### [What is required]
Your answer must be an exact copy of the records, minus any pictures.

### [Records shown]

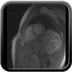 Myocardite virale T2 dark blood avec saturation de la graisse
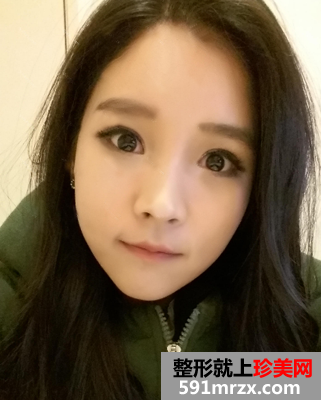 颧骨缩小手术几天恢复 颧骨缩小手术恢复图 颧骨缩小手术几天恢复 颧骨缩小手术恢复图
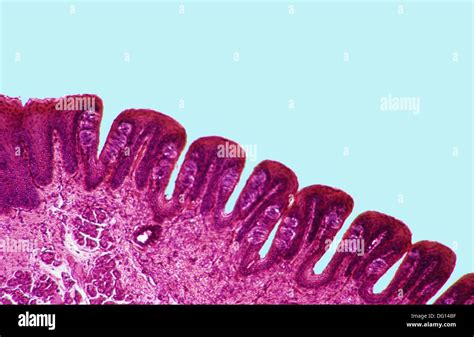 Taste Buds On Tongue Histology Kenjutaku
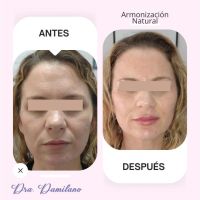 Dra. Gabriela Damilano: Cómo evitar el síndrome de Overfilled Facial y lograr un rejuvenecimiento natural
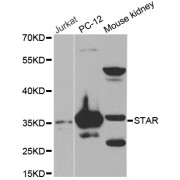 Western blot analysis of extracts of various cell lines, using STAR antibody (abx000970) at 1/1000 dilution.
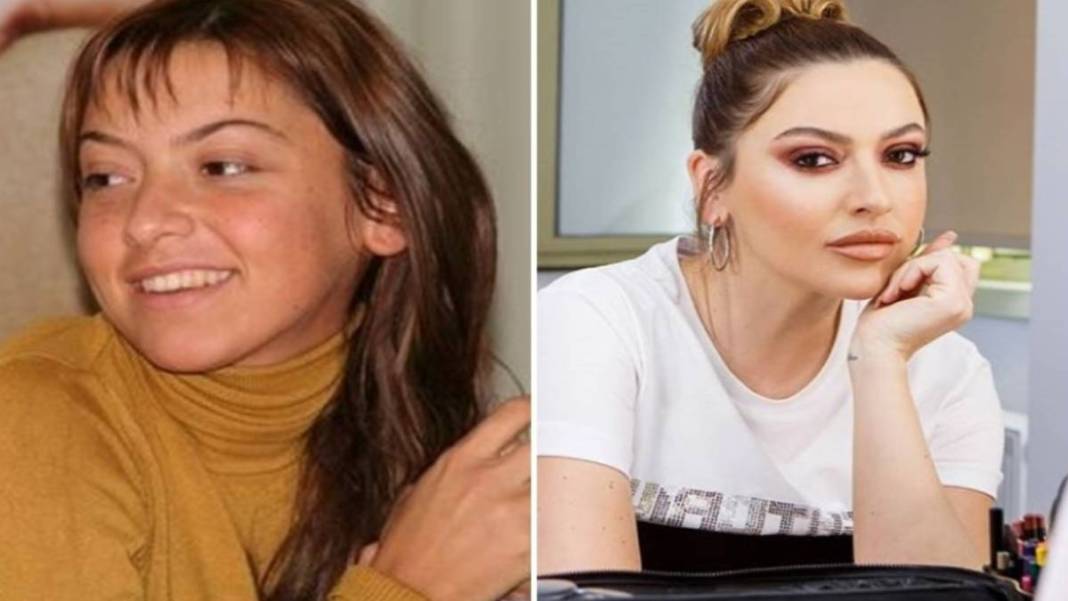 İşte estetikli ünlülerin listesi! Listeyi görünce 'yok artık onda da mı var?' diyeceksiniz 5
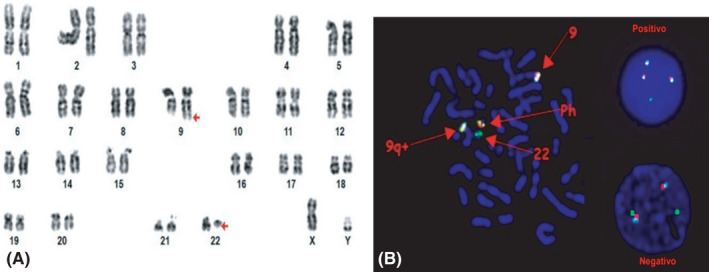 FIGURE 1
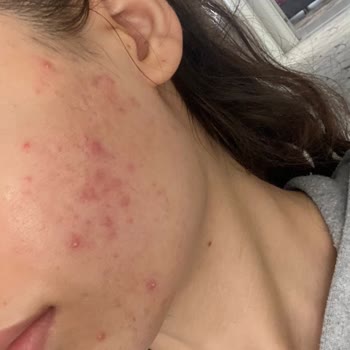 Caudalie Yüzümde Sivilceler Çıktı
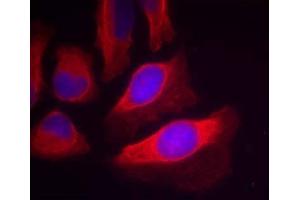 Immunofluorescence staining of methanol-fixed HeLa cells using IKK-β (Phospho-Tyr199) Antibody (E011305, Red) (IKBKB Antikörper  (pTyr199))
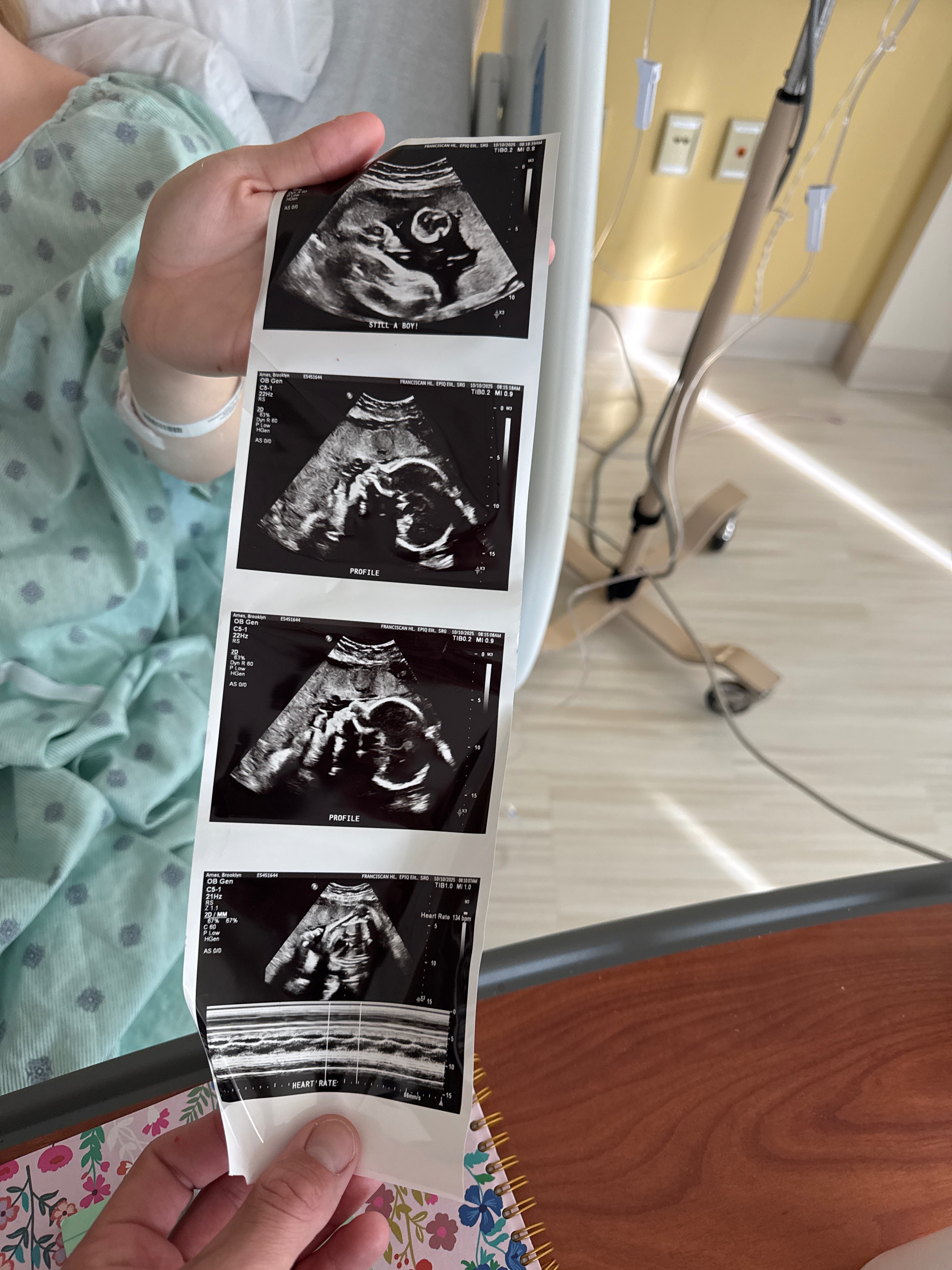 Our baby boy will be here earlier than expected. campaign photo, 4 of 5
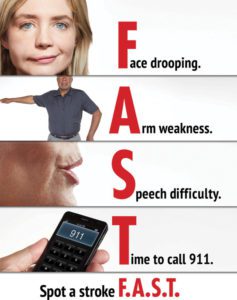 Stroke Awareness Month: What You NEED to Know About Prevention & Treatment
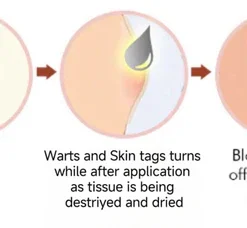 Negsuy™ Bienengift Mole & Warze Behandlung Creme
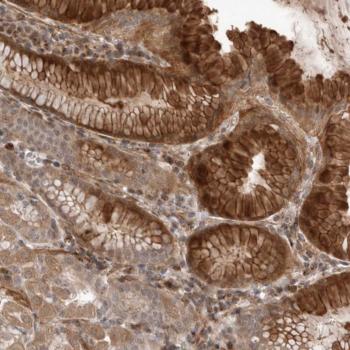 Immunohistochemistry (Formalin/PFA-fixed paraffin-embedded sections) - Anti-NKF3 kinase family member/PEAK1 antibody (AB121865)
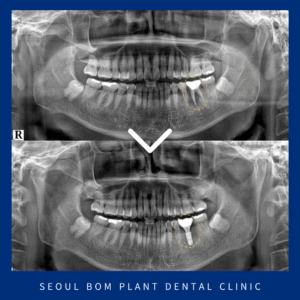 방이역임플란트9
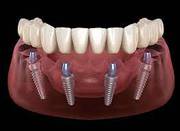 dentist veneers in mumbai
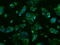 Cytochrome P450 Family 2 Subfamily E Member 1 antibody, GTX84635, GeneTex, Immunofluorescence image 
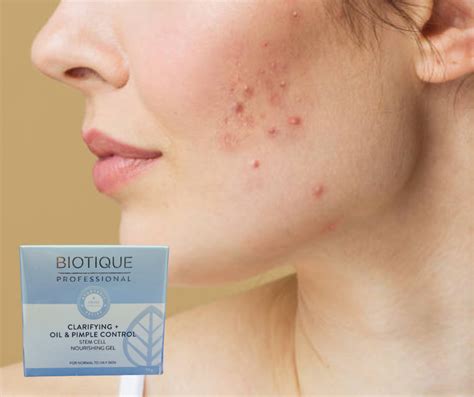 Biotique Professional Clarifying Oil & Pimple Control - Prokarehub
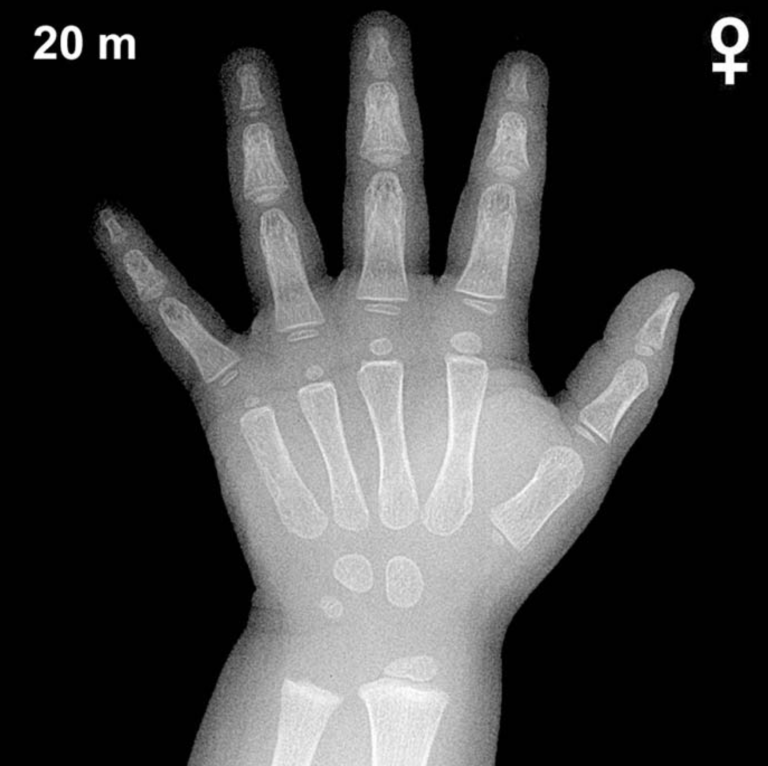 Bone age hand X-ray, girls 20 months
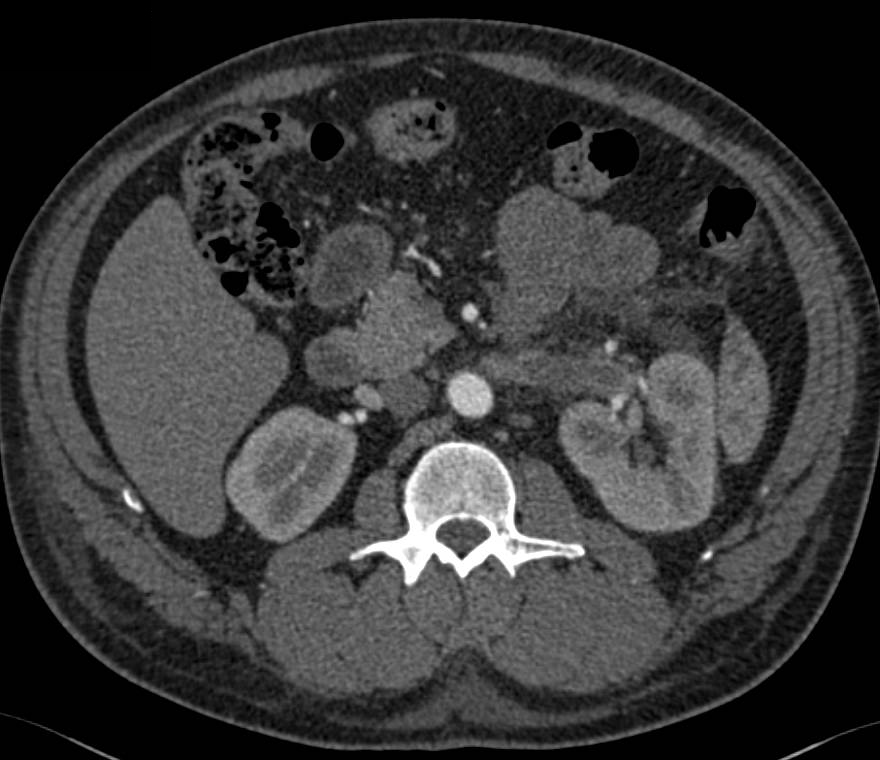 Renal Vein Thrombosis - CTisus CT Scan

### [Answer to this problem]
 Myocardite virale T2 dark blood avec saturation de la graisse
 颧骨缩小手术几天恢复 颧骨缩小手术恢复图 颧骨缩小手术几天恢复 颧骨缩小手术恢复图
 Taste Buds On Tongue Histology Kenjutaku
 Dra. Gabriela Damilano: Cómo evitar el síndrome de Overfilled Facial y lograr un rejuvenecimiento natural
 Western blot analysis of extracts of various cell lines, using STAR antibody (abx000970) at 1/1000 dilution.
 İşte estetikli ünlülerin listesi! Listeyi görünce 'yok artık onda da mı var?' diyeceksiniz 5
 FIGURE 1
 Caudalie Yüzümde Sivilceler Çıktı
 Immunofluorescence staining of methanol-fixed HeLa cells using IKK-β (Phospho-Tyr199) Antibody (E011305, Red) (IKBKB Antikörper  (pTyr199))
 Our baby boy will be here earlier than expected. campaign photo, 4 of 5
 Stroke Awareness Month: What You NEED to Know About Prevention & Treatment
 Negsuy™ Bienengift Mole & Warze Behandlung Creme
 Immunohistochemistry (Formalin/PFA-fixed paraffin-embedded sections) - Anti-NKF3 kinase family member/PEAK1 antibody (AB121865)
 방이역임플란트9
 dentist veneers in mumbai
 Cytochrome P450 Family 2 Subfamily E Member 1 antibody, GTX84635, GeneTex, Immunofluorescence image 
 Biotique Professional Clarifying Oil & Pimple Control - Prokarehub
 Bone age hand X-ray, girls 20 months
 Renal Vein Thrombosis - CTisus CT Scan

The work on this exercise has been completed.